Task description> In the records below, begin at the line containing "Blueberries on the" and end at the line containing "Miss Abigail is"; quote every line in that span exactly, including both boundary lines, and no others.

Records to use>
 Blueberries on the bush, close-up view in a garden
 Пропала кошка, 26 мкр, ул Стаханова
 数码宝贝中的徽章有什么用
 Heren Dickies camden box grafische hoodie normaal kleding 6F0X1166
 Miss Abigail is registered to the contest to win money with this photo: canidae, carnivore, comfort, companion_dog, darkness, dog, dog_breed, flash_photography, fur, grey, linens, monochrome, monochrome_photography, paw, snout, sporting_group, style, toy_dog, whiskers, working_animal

==

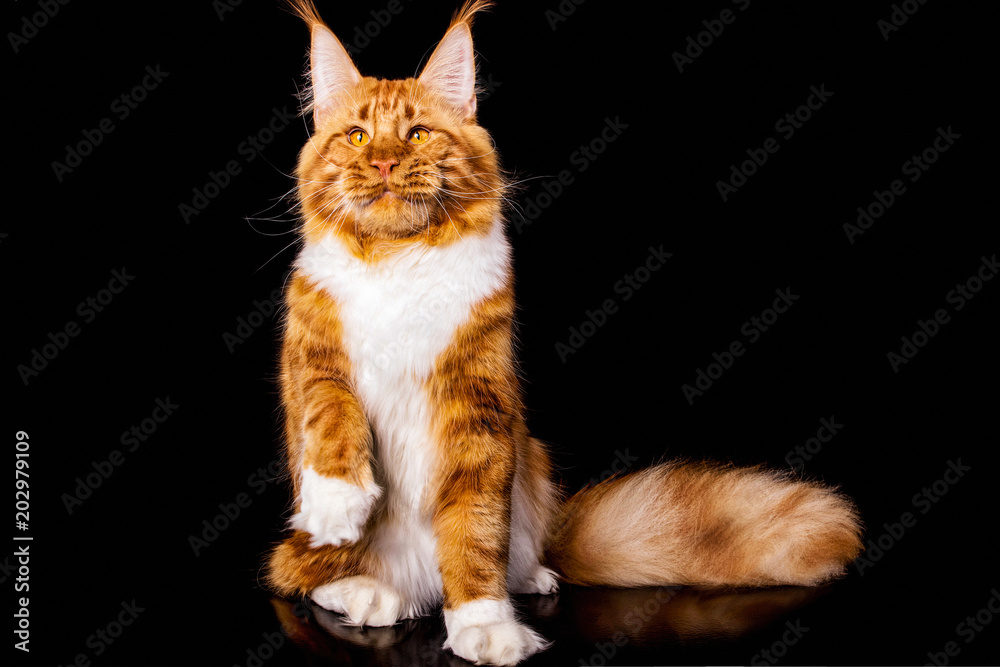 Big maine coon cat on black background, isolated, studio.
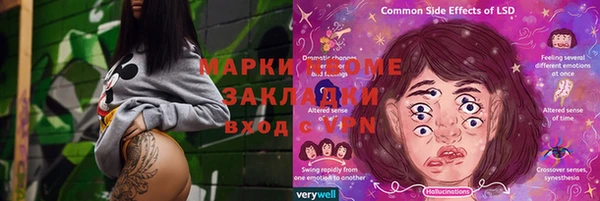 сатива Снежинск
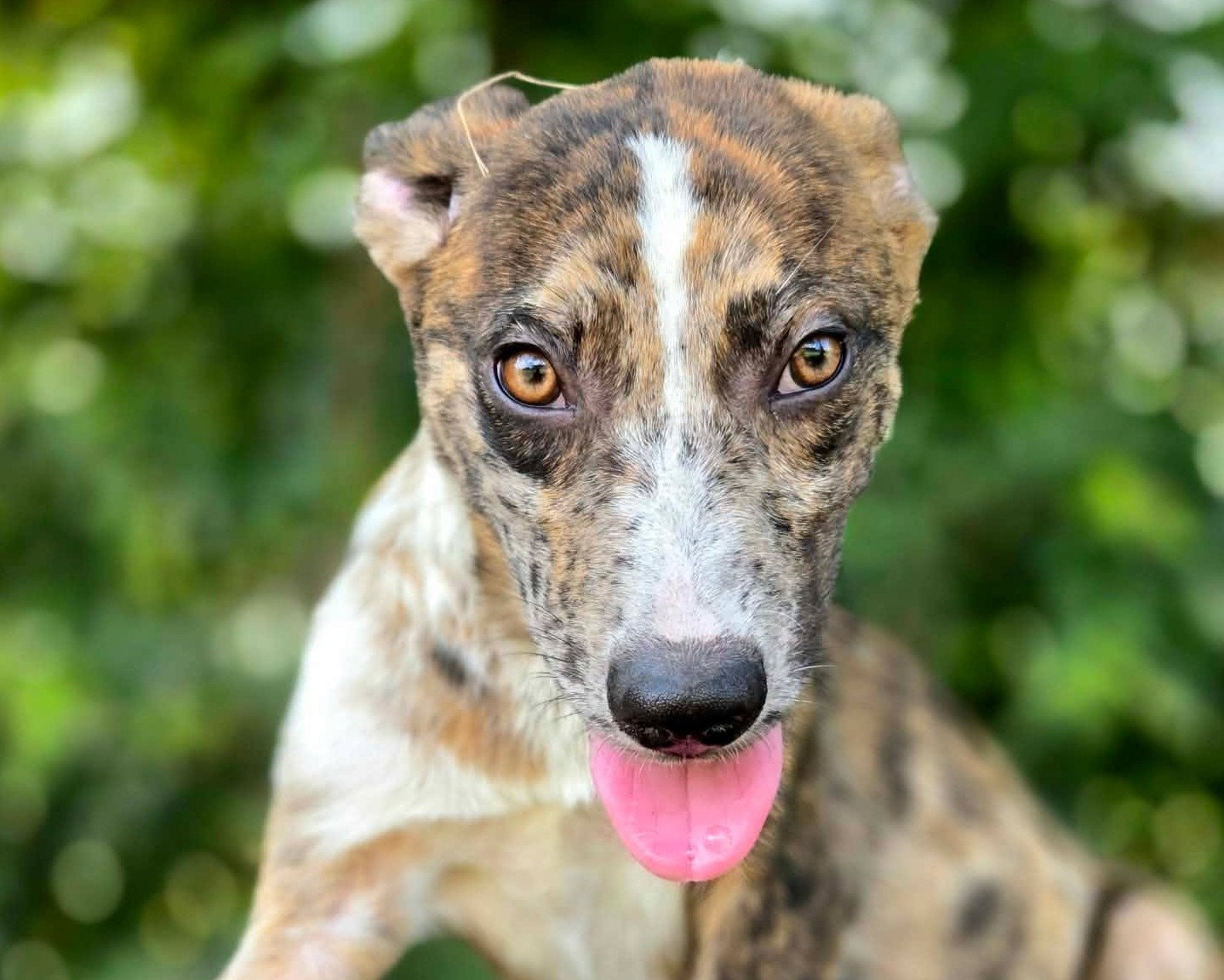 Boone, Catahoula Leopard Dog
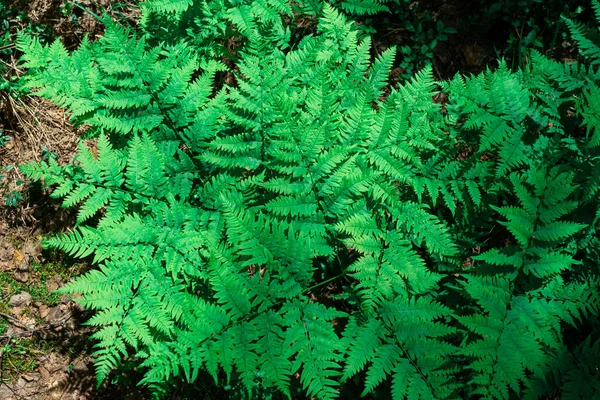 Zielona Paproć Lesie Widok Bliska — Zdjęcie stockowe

Response for this exercise>
 Blueberries on the bush, close-up view in a garden
 Пропала кошка, 26 мкр, ул Стаханова
 数码宝贝中的徽章有什么用
 Heren Dickies camden box grafische hoodie normaal kleding 6F0X1166
 Miss Abigail is registered to the contest to win money with this photo: canidae, carnivore, comfort, companion_dog, darkness, dog, dog_breed, flash_photography, fur, grey, linens, monochrome, monochrome_photography, paw, snout, sporting_group, style, toy_dog, whiskers, working_animal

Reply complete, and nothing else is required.